(Brief descriptive captions)
◆ ◆ ◆ ◆ ◆ ◆ ◆

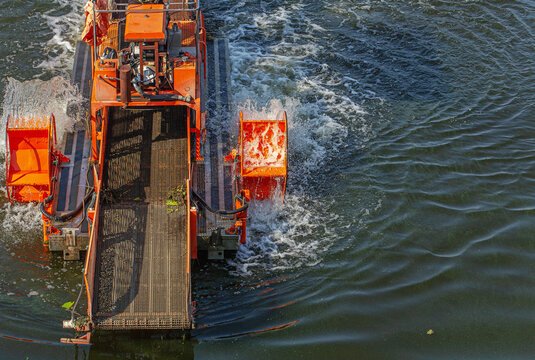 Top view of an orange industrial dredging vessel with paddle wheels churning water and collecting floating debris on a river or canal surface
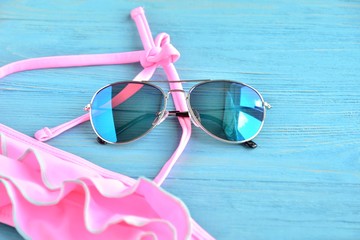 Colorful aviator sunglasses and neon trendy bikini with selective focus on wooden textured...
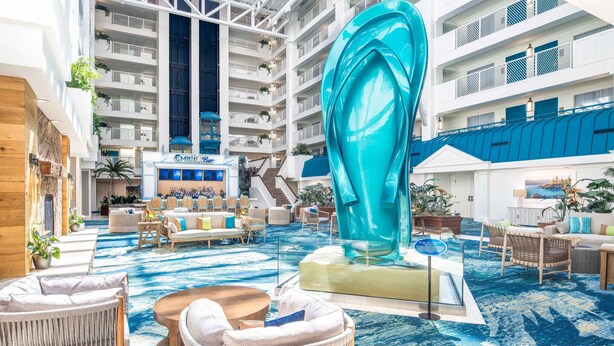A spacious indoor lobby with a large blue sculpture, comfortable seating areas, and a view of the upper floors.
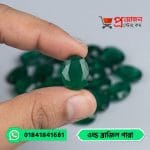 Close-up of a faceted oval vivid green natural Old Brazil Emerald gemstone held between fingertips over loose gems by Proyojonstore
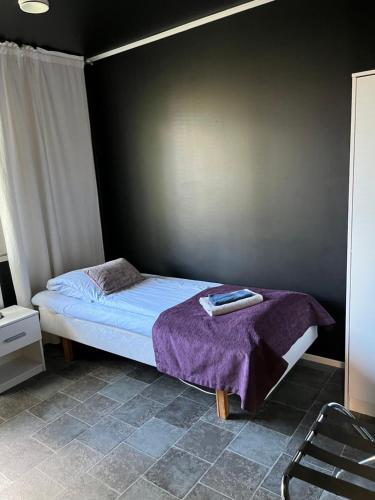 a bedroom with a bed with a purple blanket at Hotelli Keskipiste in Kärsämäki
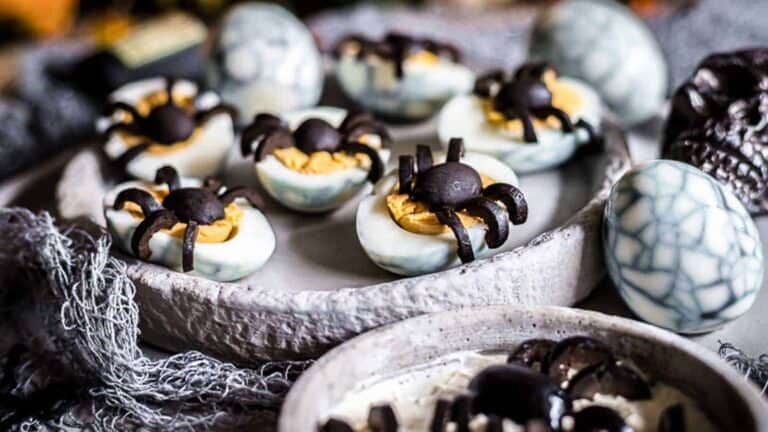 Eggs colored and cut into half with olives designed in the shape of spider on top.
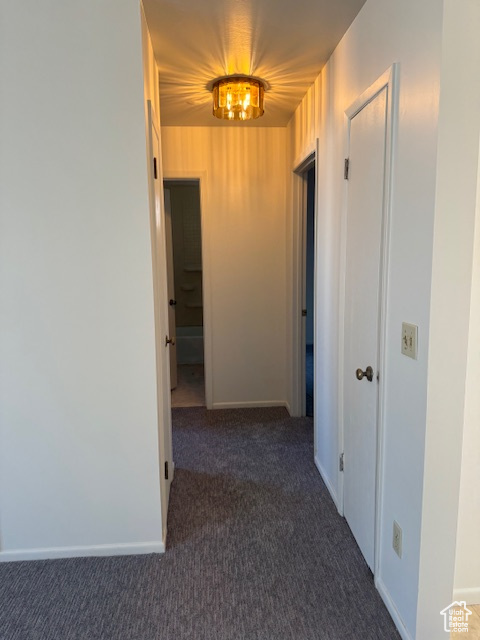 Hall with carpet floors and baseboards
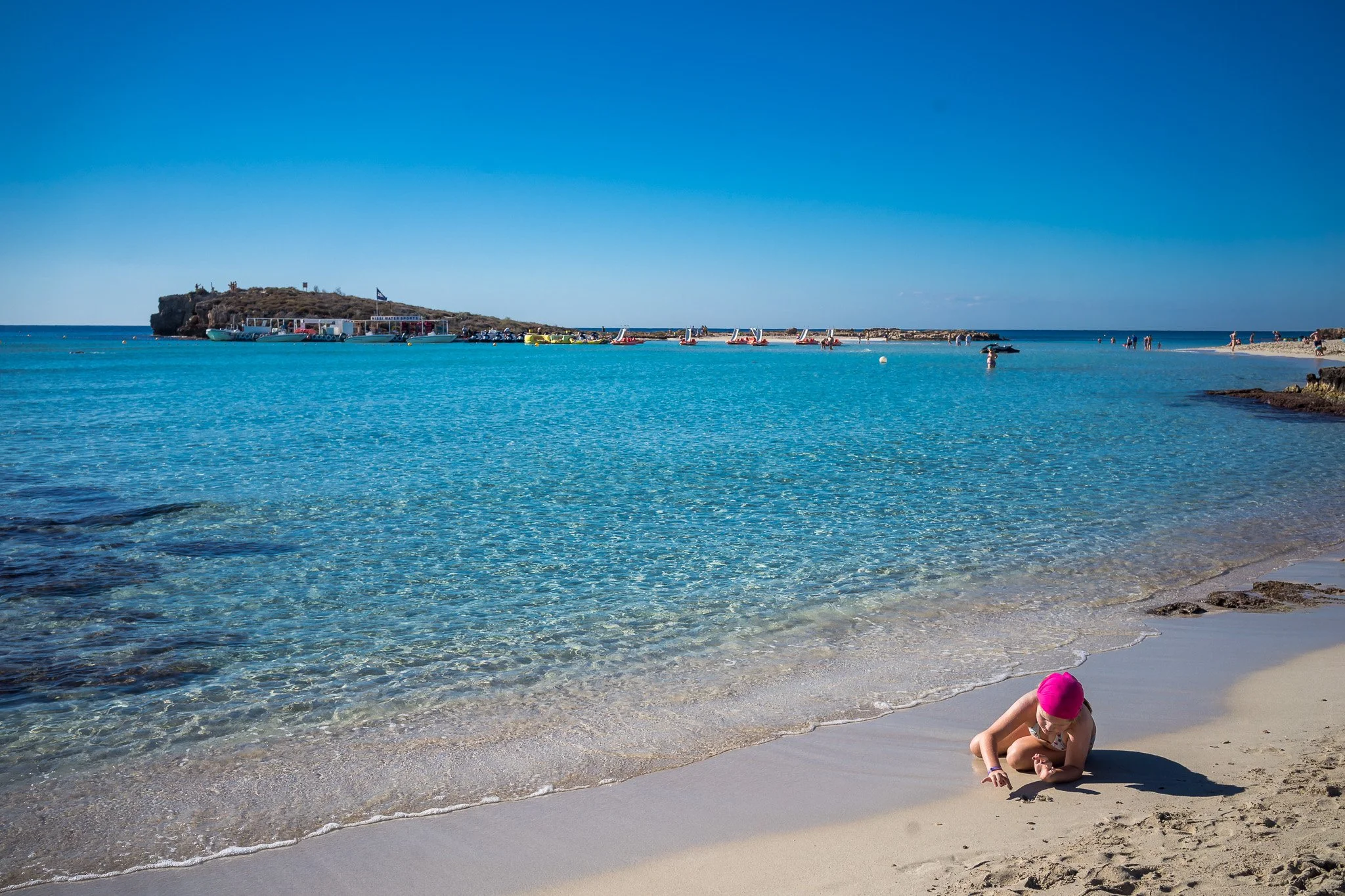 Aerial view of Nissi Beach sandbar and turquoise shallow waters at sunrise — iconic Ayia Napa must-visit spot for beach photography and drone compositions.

◆ ◆ ◆ ◆ ◆ ◆ ◆

◆ Task to carry out: Omit the pictures, and please restate word for word the lines running from the line with "Eggs colored and" to the end of the entries.

◆ Reply:
 Eggs colored and cut into half with olives designed in the shape of spider on top.
 Hall with carpet floors and baseboards
 Aerial view of Nissi Beach sandbar and turquoise shallow waters at sunrise — iconic Ayia Napa must-visit spot for beach photography and drone compositions.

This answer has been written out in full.